If you have been involved in the practice of law for 20 years or more and listened to yesterday’s Sunday morning news shows, I’m sure that the talk of a bailout of banks and the creation of a resolution trust to manage and dispose of distressed real estate seemed like déjà vu. It certainly reminded me of the Savings and Loan Crisis of the 1980’s and the millions of dollars in legal work that it created.
For those of you too young to recall (or weren’t paying attention), in the middle 1980’s, 747 savings and loan institutions failed as a result of imprudent real estate lending. It ended up costing American taxpayers $160 billion to protect depositors and dispose of thousands of distressed properties. The crisis also provided one of the greatest legal market opportunities in U.S. history. It occurred during (or, some would say, helped create) a massive white collar recession but laid the groundwork for the tech boom of the 1990’s that drove an unprecedented period of economic prosperity.

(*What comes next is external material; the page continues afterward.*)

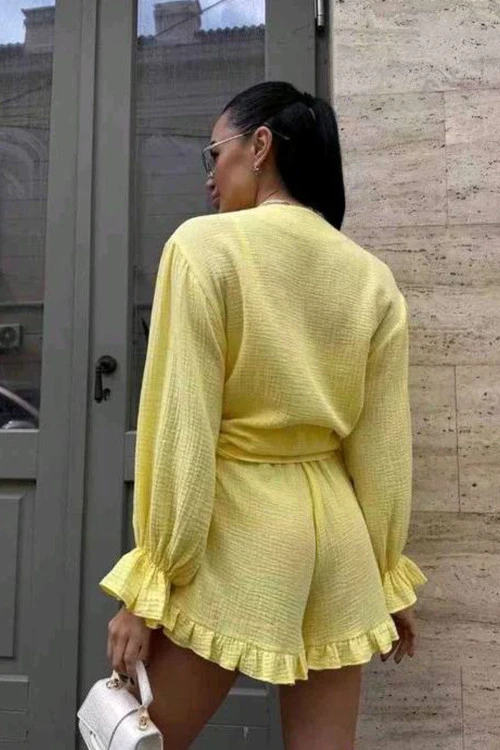 Dámska dvojdielna súprava na každý deň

Now, we can debate the similarity and differences of the crisis that occurred 20 years ago and the current sub-prime mortgage fiasco, but if the US is going to ante up $700 billion as a starting point toward resolving the real estate part of the problem, this can’t help but be a full employment act for lawyers. And, some observers think that this is just the beginning and the credit card and auto securitized debt shoes are still left to drop.
It makes sense, therefore, to do a little planning as to how your firm could or would want to be involved in this work and, most importantly, benefit from the things we learned during the Savings and Loan Crisis.
1. Self-Assessment. In all likelihood there will be all sorts of opportunities in bankruptcy, real estate, and every aspect of commercial litigation as well as white collar crime. Perhaps the greatest opportunities will involve representing the Federal or state governments. Working for government, especially on high profile matters, involves heavy oversight which means the need for absolutely clean hands. A healthy activity would be to figure out which of your practices are well positioned by experience and expertise to benefit from available work, and which you are effectively conflicted out of (remember, we’re talking about political appearance, not just pure legal conflicts).
2. Urgency. At least as of today, there is incredible urgency for the Congress to pass legislation this week. If that occurs, the Congress will transfer that level of urgency to the government. One of the things we saw during the Savings and Loan Crisis is that law firms were hired very rapidly by governments, institutions and by creditors, and the first firms in the door received a huge volume of additional work. There is a definite first mover advantage and time invested in preparing an RFP response for the work where there is the greatest opportunity for your firm would probably not be wasted.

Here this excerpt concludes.